## COLLECTED DATA
■ ■ ■ ■

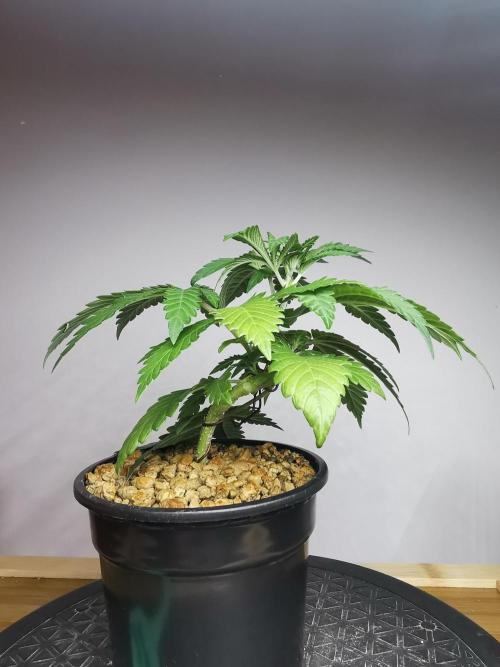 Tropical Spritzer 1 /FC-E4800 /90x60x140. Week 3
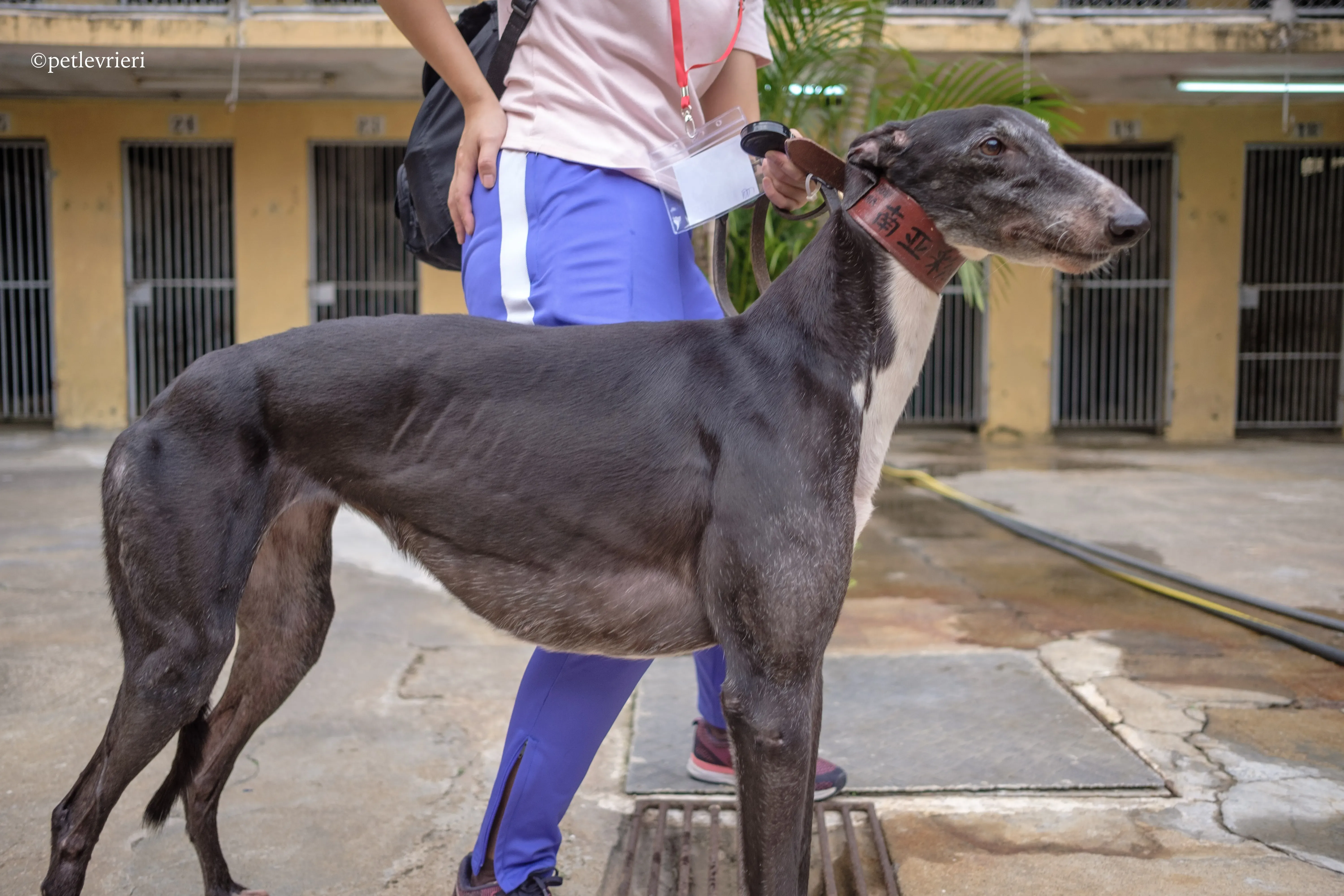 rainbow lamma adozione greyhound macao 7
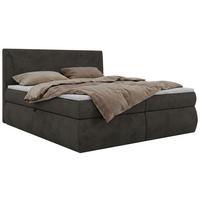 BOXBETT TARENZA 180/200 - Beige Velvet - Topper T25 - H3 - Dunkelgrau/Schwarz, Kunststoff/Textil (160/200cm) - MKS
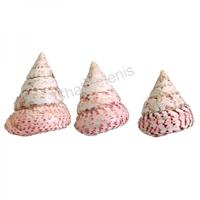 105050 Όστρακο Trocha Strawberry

■ ■ ■ ■

## DESCRIPTION OF THE TASK
Every line above is to be reproduced verbatim, and the pictures are to be omitted.

## ANSWER BOX
 Tropical Spritzer 1 /FC-E4800 /90x60x140. Week 3
 rainbow lamma adozione greyhound macao 7
 BOXBETT TARENZA 180/200 - Beige Velvet - Topper T25 - H3 - Dunkelgrau/Schwarz, Kunststoff/Textil (160/200cm) - MKS
 105050 Όστρακο Trocha Strawberry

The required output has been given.